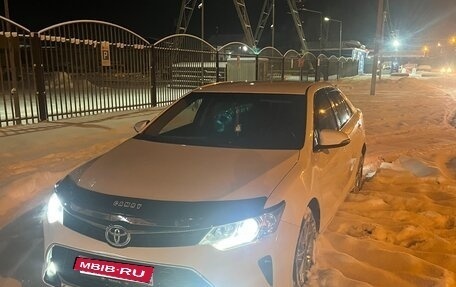 Toyota Camry, 2017 год, 1 700 000 рублей, 1 фотография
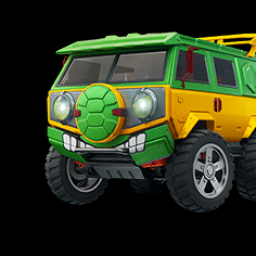 Turtle Van in Fortnite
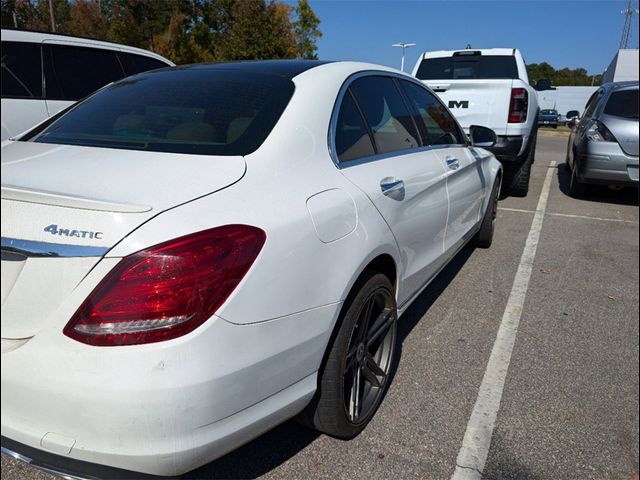 2018 Mercedes-Benz C-Class 300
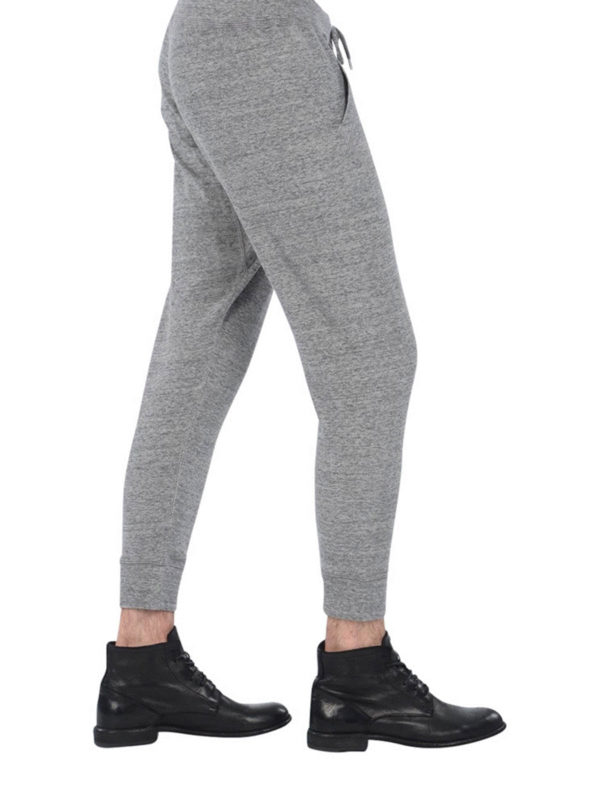 iKRIX DSQUARED2: Pantalones deportivos - Pantalón Chándal Gris Para Hombre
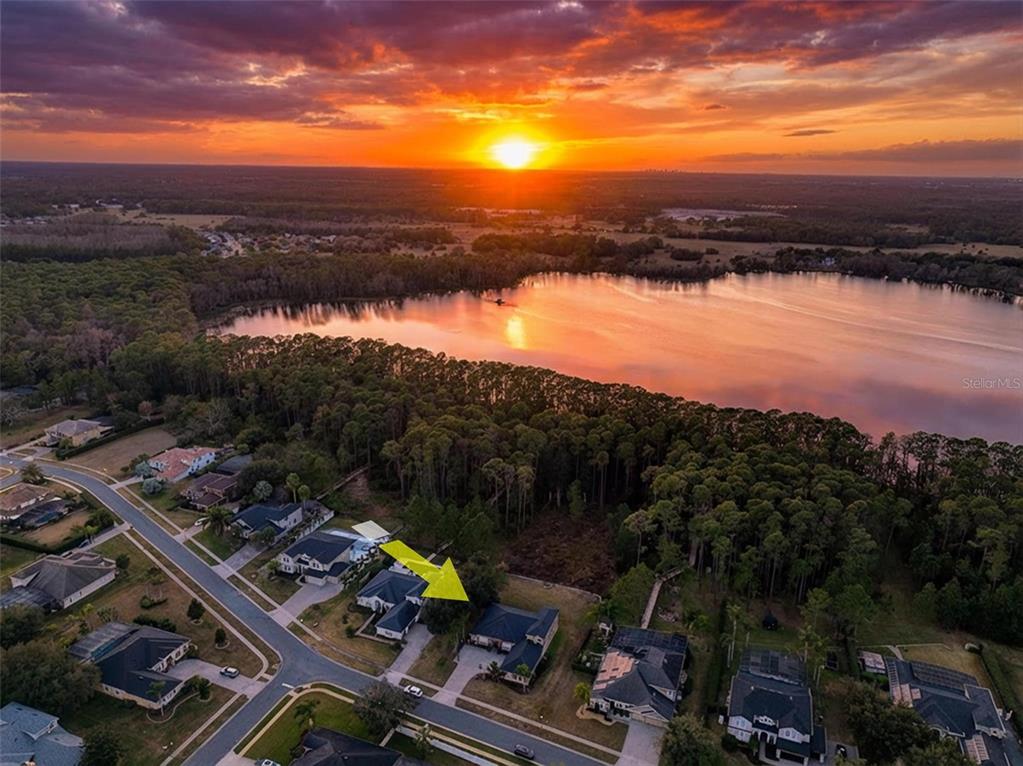 2914 Lee Shore Loop Orlando, FL 32820 - Photo 93 of 96 a view of a city with sunset view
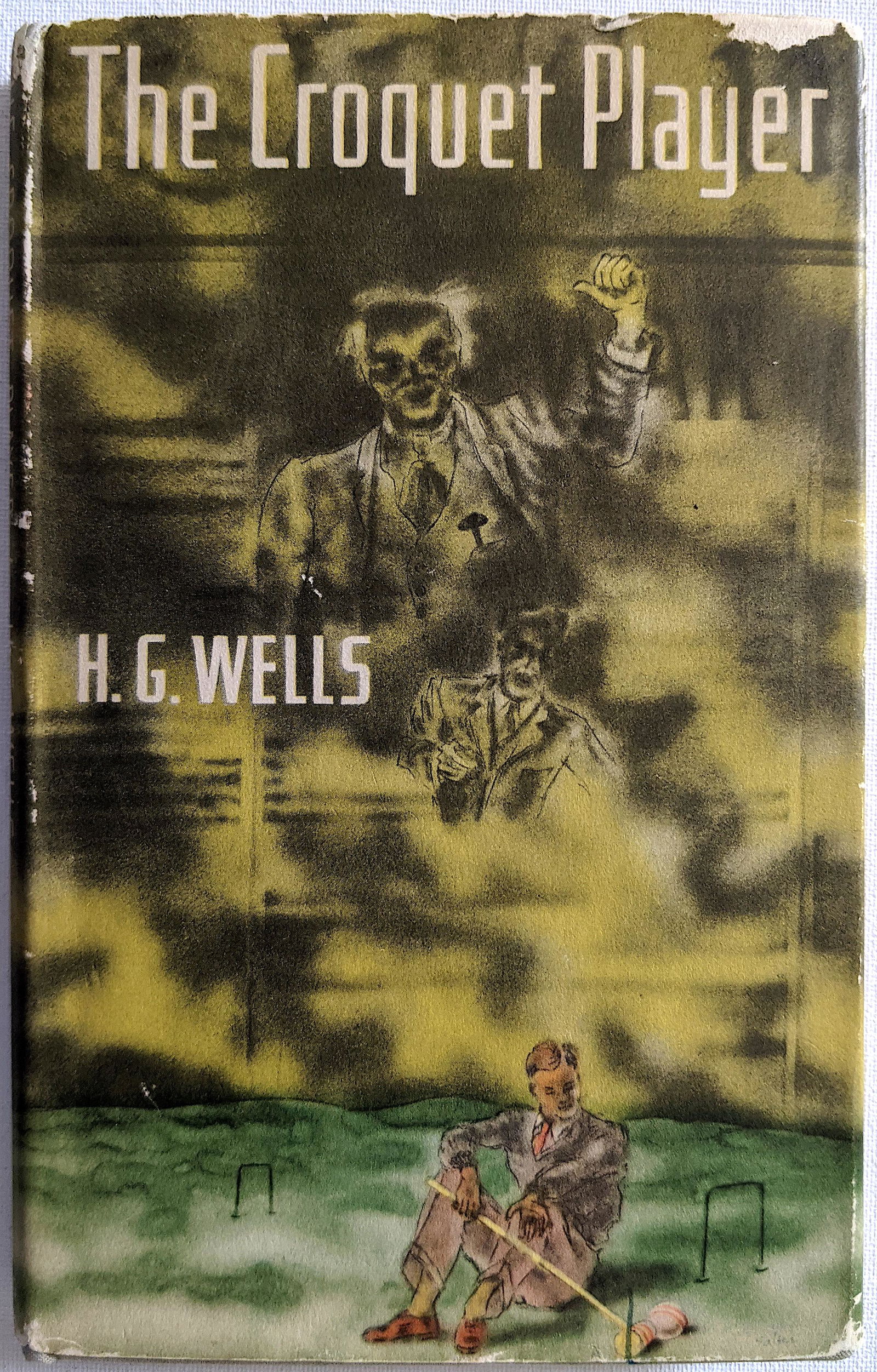 Important 1937 Book H. G. Wells 1st Edition, (1 of 4)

----

Could you restate every entry above word for word, leaving out the pictures?

 Toyota Camry, 2017 год, 1 700 000 рублей, 1 фотография
 Turtle Van in Fortnite
 2018 Mercedes-Benz C-Class 300
 iKRIX DSQUARED2: Pantalones deportivos - Pantalón Chándal Gris Para Hombre
 2914 Lee Shore Loop Orlando, FL 32820 - Photo 93 of 96 a view of a city with sunset view
 Important 1937 Book H. G. Wells 1st Edition, (1 of 4)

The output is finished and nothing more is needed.